Under a perfect spring day, the fifth annual North Shore Ocean Fest kicked off at Turtle Bay on June 4, drawing hundreds of families to the resort’s grounds and coastline for the free daylong event. As a means to celebrate and educate the people—and especially keiki of Hawaii—on the importance of protecting our seas, this year’s gathering was a huge success. Complete with live music, student art and poetry presentations, food booths, art and crafts vendors, more than 30 informational booths, and a keiki hula show, Ocean Fest helped strengthen our community while simultaneously educating the public about the plights facing our oceans.
Whether it’s our love affair with fishing, surfing, diving, or simply being near the water, our oceans have come to define who we are in Hawaii. For the early Hawaiians, who voyaged to these islands along countless miles of ocean, or the surfers of today, we are nothing without the sea. The ocean has shaped our collective identity as much as any other driving force. Considering pollution, climate change, and globalization, our oceans have shown that they are not immune to the effects of man and it’s of the utmost importance that we protect something that’s become so vital to our community.
The Ocean Fest’s roots actually date back to 2011 and Dotty Kelly-Paddock of the North Shore Ocean Education Coalition. By providing experiential and educational opportunities about Hawaii’s marine life for our keiki, this group helped to create a new generation of environmentally minded stewards. On the heels of the great work that the North Shore Ocean Education Coalition has undertaken, Turtle Bay partnered with the group to create the family-friendly Ocean Fest that we’ve all come to look forward to every year.

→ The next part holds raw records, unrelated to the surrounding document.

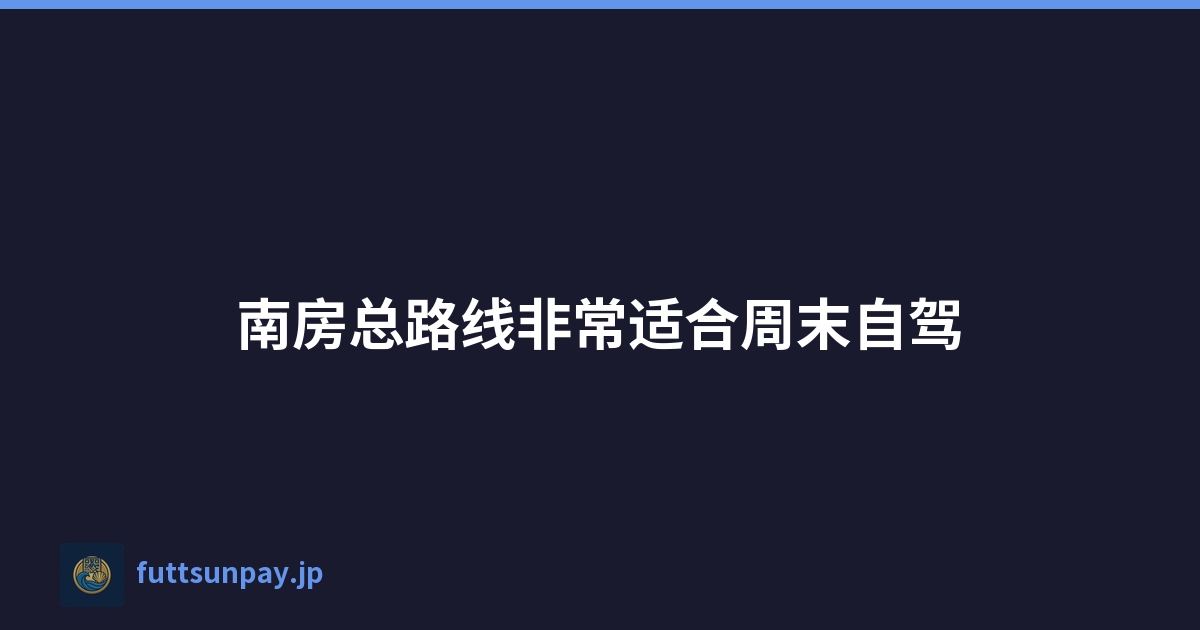 南房总路线非常适合周末自驾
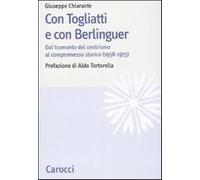 Con Togliatti e con Berlinguer. Dal tramonto del centrismo al compromesso ...
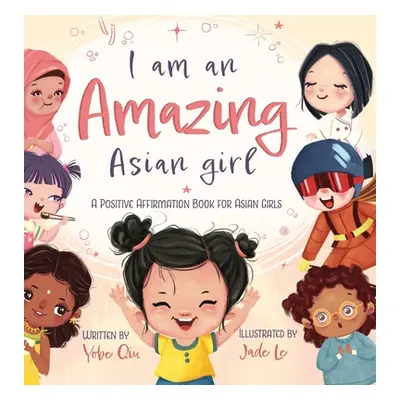 "I Am An Amazing Asian Girl" - "" ("Qiu Yobe")(Pevná vazba)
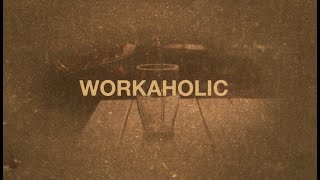 Earl Dibbles Jr  Workaholic Official Lyric Video [upl. by Nirek145]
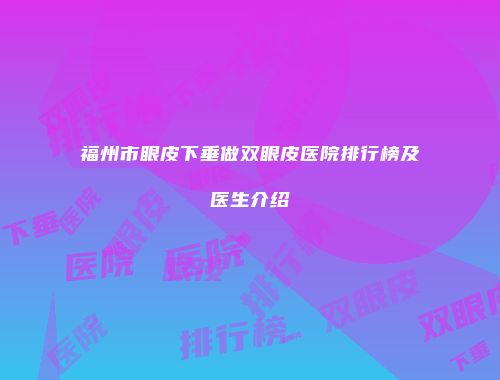 福州市眼皮下垂做双眼皮医院排行榜及医生介绍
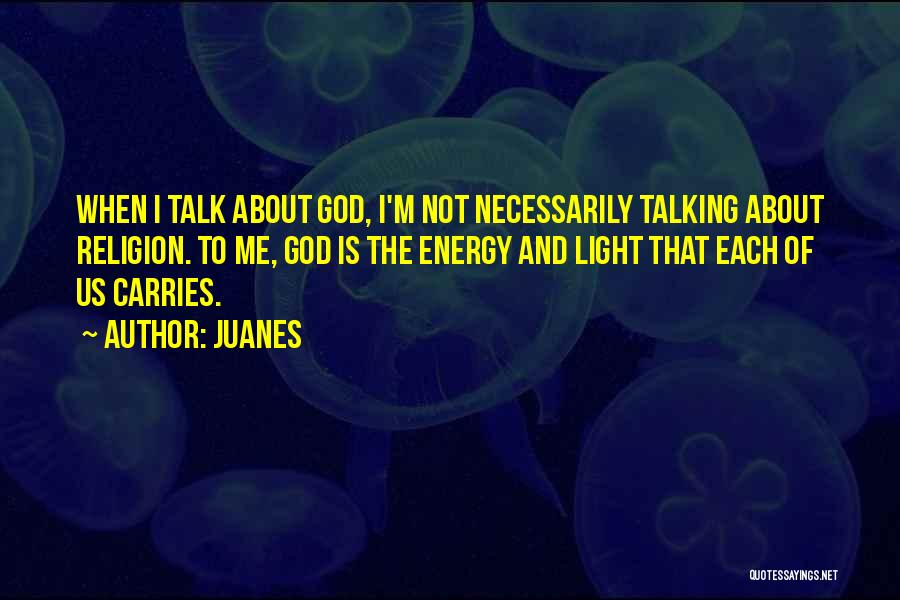God Talking To Us Quotes By Juanes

To boot, all funds raised by the Ocean Fest are used to sustain marine education for North Shore students in grades K through 12. To further contribute and keep the good work going, the proceeds raised by selling this year’s Ocean Fest tee-shirts, designed by local artist Lauren Roth, also support ocean education for North Shore keiki.
Whether it was the live music, talk story sessions, delicious local grinds and art exhibits, the 2016 Ocean Fest was a huge success and we at Turtle Bay look forward to supporting it well into the future.